Le harcèlement criminel est un crime. Généralement, il s’agit d’une conduite répétée durant une période de temps qui vous cause une crainte raisonnable pour votre sécurité ou celle de vos proches ou connaissances. Le harcèlement n’a pas à entraîner de lésions corporelles pour être une infraction. La loi vous protège du harceleur même s'il n'avait pas l'intention de vous faire craindre pour votre sécurité : le fait de vous avoir fait peur suffit. Le harcèlement criminel peut être un signe précurseur d'actes violents.
Craignez-vous pour votre sécurité ou celle de l'une de vos connaissances à cause d'actes, de gestes ou de paroles d'une autre personne?
Si vous pouvez répondre OUI à l'une ou l'autre de ces questions, il est possible que vous ou quelqu'un de votre entourage soyez victime de HARCÈLEMENT CRIMINEL.

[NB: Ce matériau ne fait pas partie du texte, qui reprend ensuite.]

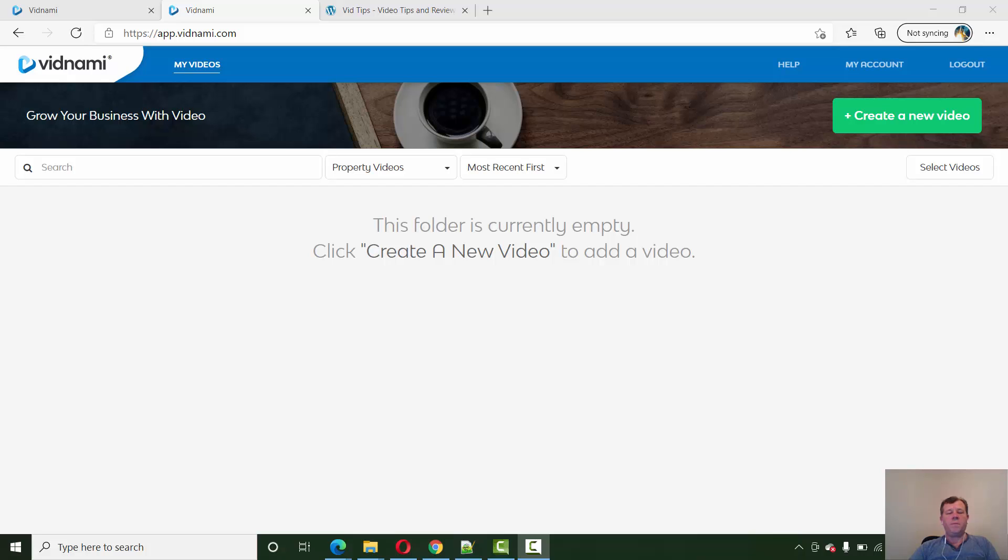Hi guys, Phil here from vidteps.net. Just going to do a quick video today on Vidnami 2021 review. I recognize I hadn't done an update on Vidnami for some time just to show you some of the new features. So I'm just going to take you through that today briefly. So here we are with the dashboard for Vidnami. We're going to create a new video and I can show you then some of the new features.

Vous n'êtes PAS seul! Brisez le silence :
Notez les détails de tous les incidents de harcèlement. Il est plus facile de se souvenir des dates, des heures, des endroits, des actes et des menaces et de les expliquer lorsque tout est écrit.

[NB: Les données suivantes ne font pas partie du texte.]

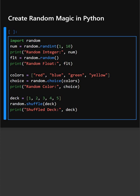And then here we are creating a list of random colors. Then this choice() picks one random element from a list, which is great for a color picker, name selector, and so on. And this will print a random color.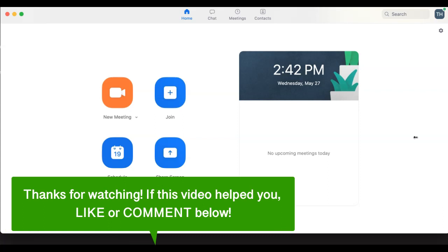If this helps you, let us know by liking this video or commenting below. And don't forget to subscribe for more how-to instructional videos.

Conservez tous les messages enregistrés, courriels, cadeaux, notes et lettres provenant du harceleur. Gardez toujours à différents endroits et à portée de la main une liste de numéros d'urgence tels que :
N'ignorez pas les incidents qui semblent être des coïncidences. Rencontrez-vous cet individu plus souvent qu'auparavant? Si vous n'êtes pas certain d'être victime de harcèlement criminel, contactez la police.

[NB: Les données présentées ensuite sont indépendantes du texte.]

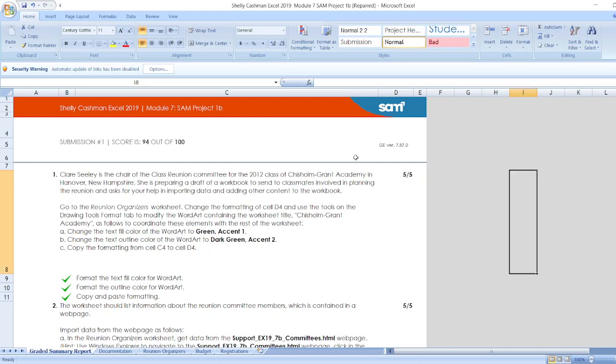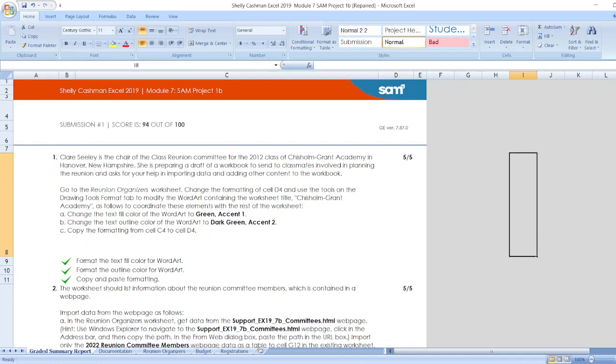Hello friends, welcome to our channel. Here is our project: Shelly Cashman Excel 2019 Module 7, Project 1B. Here are our steps. First, Claire Seeley is the chair of the class reunion committee for the 2012 class of Chisholm Grant Academy.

N'acceptez jamais de rencontrer un individu qui semble vous harceler – appelez la police. Chaque situation de harcèlement criminel est unique. Si un harceleur est confronté ou qu’on lui résiste, il peut accentuer ses actes de harcèlement ou même réagir violemment.
Le harcèlement criminel ne peut pas être lié à un diagnostic psychiatrique particulier, et il existe plus d'un profil type de harceleur. Le motif principal de harcèlement d'une autre personne semble provenir du désir de contrôler, en particulier dans le cas d’un ex-partenaire.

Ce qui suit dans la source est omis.